== Information ==
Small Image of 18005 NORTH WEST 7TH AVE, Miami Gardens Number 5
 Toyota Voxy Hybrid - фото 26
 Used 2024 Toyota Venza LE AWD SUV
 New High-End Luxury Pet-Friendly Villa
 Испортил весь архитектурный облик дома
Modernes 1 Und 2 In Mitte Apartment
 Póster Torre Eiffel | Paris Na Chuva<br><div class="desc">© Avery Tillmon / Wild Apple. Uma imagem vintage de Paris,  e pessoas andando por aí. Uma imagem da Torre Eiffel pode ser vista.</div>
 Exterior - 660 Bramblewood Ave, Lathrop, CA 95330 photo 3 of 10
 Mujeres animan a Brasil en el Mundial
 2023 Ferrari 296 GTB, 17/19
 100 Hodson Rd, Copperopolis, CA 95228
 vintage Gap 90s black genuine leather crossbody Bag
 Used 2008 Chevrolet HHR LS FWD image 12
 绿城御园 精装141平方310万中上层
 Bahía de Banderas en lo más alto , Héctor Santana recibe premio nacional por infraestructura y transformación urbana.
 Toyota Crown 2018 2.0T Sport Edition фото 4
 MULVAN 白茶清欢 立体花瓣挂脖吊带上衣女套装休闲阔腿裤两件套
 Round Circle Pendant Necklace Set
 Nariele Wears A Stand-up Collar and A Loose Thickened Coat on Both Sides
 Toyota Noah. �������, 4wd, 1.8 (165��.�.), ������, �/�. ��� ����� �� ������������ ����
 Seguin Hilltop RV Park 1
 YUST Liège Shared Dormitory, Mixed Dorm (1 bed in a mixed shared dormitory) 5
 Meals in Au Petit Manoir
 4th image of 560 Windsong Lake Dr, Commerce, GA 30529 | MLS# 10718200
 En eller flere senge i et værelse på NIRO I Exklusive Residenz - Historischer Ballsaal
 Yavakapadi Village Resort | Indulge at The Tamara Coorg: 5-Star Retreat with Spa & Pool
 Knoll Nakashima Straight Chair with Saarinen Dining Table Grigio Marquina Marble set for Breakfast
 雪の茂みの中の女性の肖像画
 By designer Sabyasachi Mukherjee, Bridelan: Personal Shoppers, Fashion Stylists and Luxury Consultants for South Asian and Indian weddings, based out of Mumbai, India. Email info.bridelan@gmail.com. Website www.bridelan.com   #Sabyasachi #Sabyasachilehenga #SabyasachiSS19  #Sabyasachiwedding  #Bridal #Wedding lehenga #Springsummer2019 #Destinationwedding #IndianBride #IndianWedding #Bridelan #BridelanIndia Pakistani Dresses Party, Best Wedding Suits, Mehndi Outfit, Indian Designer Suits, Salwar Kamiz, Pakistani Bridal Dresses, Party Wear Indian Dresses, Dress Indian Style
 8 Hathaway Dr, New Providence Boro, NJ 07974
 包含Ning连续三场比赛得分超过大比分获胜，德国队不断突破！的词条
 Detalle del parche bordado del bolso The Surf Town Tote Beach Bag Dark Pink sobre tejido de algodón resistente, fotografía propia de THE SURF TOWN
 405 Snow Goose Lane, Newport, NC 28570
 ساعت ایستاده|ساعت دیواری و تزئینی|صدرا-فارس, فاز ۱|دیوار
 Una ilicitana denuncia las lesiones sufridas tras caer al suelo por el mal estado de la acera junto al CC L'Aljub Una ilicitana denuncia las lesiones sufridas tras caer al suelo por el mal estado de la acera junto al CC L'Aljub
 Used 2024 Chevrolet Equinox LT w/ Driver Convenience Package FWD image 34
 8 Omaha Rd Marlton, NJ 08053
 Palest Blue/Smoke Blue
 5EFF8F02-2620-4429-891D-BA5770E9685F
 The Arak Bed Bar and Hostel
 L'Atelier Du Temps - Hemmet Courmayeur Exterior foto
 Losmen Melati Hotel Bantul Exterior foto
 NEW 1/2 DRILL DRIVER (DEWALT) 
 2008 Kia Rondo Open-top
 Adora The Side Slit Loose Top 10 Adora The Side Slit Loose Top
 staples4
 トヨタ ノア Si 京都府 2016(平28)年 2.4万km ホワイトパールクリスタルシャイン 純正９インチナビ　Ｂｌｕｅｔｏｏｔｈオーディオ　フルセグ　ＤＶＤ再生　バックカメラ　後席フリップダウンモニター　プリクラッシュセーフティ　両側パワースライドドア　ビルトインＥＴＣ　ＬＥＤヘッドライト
===
**Task instructions:** Could you return the complete set of entries exactly?

**Answer to this exercise:**
Small Image of 18005 NORTH WEST 7TH AVE, Miami Gardens Number 5
 Toyota Voxy Hybrid - фото 26
 Used 2024 Toyota Venza LE AWD SUV
 New High-End Luxury Pet-Friendly Villa
 Испортил весь архитектурный облик дома
Modernes 1 Und 2 In Mitte Apartment
 Póster Torre Eiffel | Paris Na Chuva<br><div class="desc">© Avery Tillmon / Wild Apple. Uma imagem vintage de Paris,  e pessoas andando por aí. Uma imagem da Torre Eiffel pode ser vista.</div>
 Exterior - 660 Bramblewood Ave, Lathrop, CA 95330 photo 3 of 10
 Mujeres animan a Brasil en el Mundial
 2023 Ferrari 296 GTB, 17/19
 100 Hodson Rd, Copperopolis, CA 95228
 vintage Gap 90s black genuine leather crossbody Bag
 Used 2008 Chevrolet HHR LS FWD image 12
 绿城御园 精装141平方310万中上层
 Bahía de Banderas en lo más alto , Héctor Santana recibe premio nacional por infraestructura y transformación urbana.
 Toyota Crown 2018 2.0T Sport Edition фото 4
 MULVAN 白茶清欢 立体花瓣挂脖吊带上衣女套装休闲阔腿裤两件套
 Round Circle Pendant Necklace Set
 Nariele Wears A Stand-up Collar and A Loose Thickened Coat on Both Sides
 Toyota Noah. �������, 4wd, 1.8 (165��.�.), ������, �/�. ��� ����� �� ������������ ����
 Seguin Hilltop RV Park 1
 YUST Liège Shared Dormitory, Mixed Dorm (1 bed in a mixed shared dormitory) 5
 Meals in Au Petit Manoir
 4th image of 560 Windsong Lake Dr, Commerce, GA 30529 | MLS# 10718200
 En eller flere senge i et værelse på NIRO I Exklusive Residenz - Historischer Ballsaal
 Yavakapadi Village Resort | Indulge at The Tamara Coorg: 5-Star Retreat with Spa & Pool
 Knoll Nakashima Straight Chair with Saarinen Dining Table Grigio Marquina Marble set for Breakfast
 雪の茂みの中の女性の肖像画
 By designer Sabyasachi Mukherjee, Bridelan: Personal Shoppers, Fashion Stylists and Luxury Consultants for South Asian and Indian weddings, based out of Mumbai, India. Email info.bridelan@gmail.com. Website www.bridelan.com   #Sabyasachi #Sabyasachilehenga #SabyasachiSS19  #Sabyasachiwedding  #Bridal #Wedding lehenga #Springsummer2019 #Destinationwedding #IndianBride #IndianWedding #Bridelan #BridelanIndia Pakistani Dresses Party, Best Wedding Suits, Mehndi Outfit, Indian Designer Suits, Salwar Kamiz, Pakistani Bridal Dresses, Party Wear Indian Dresses, Dress Indian Style
 8 Hathaway Dr, New Providence Boro, NJ 07974
 包含Ning连续三场比赛得分超过大比分获胜，德国队不断突破！的词条
 Detalle del parche bordado del bolso The Surf Town Tote Beach Bag Dark Pink sobre tejido de algodón resistente, fotografía propia de THE SURF TOWN
 405 Snow Goose Lane, Newport, NC 28570
 ساعت ایستاده|ساعت دیواری و تزئینی|صدرا-فارس, فاز ۱|دیوار
 Una ilicitana denuncia las lesiones sufridas tras caer al suelo por el mal estado de la acera junto al CC L'Aljub Una ilicitana denuncia las lesiones sufridas tras caer al suelo por el mal estado de la acera junto al CC L'Aljub
 Used 2024 Chevrolet Equinox LT w/ Driver Convenience Package FWD image 34
 8 Omaha Rd Marlton, NJ 08053
 Palest Blue/Smoke Blue
 5EFF8F02-2620-4429-891D-BA5770E9685F
 The Arak Bed Bar and Hostel
 L'Atelier Du Temps - Hemmet Courmayeur Exterior foto
 Losmen Melati Hotel Bantul Exterior foto
 NEW 1/2 DRILL DRIVER (DEWALT) 
 2008 Kia Rondo Open-top
 Adora The Side Slit Loose Top 10 Adora The Side Slit Loose Top
 staples4
 トヨタ ノア Si 京都府 2016(平28)年 2.4万km ホワイトパールクリスタルシャイン 純正９インチナビ　Ｂｌｕｅｔｏｏｔｈオーディオ　フルセグ　ＤＶＤ再生　バックカメラ　後席フリップダウンモニター　プリクラッシュセーフティ　両側パワースライドドア　ビルトインＥＴＣ　ＬＥＤヘッドライト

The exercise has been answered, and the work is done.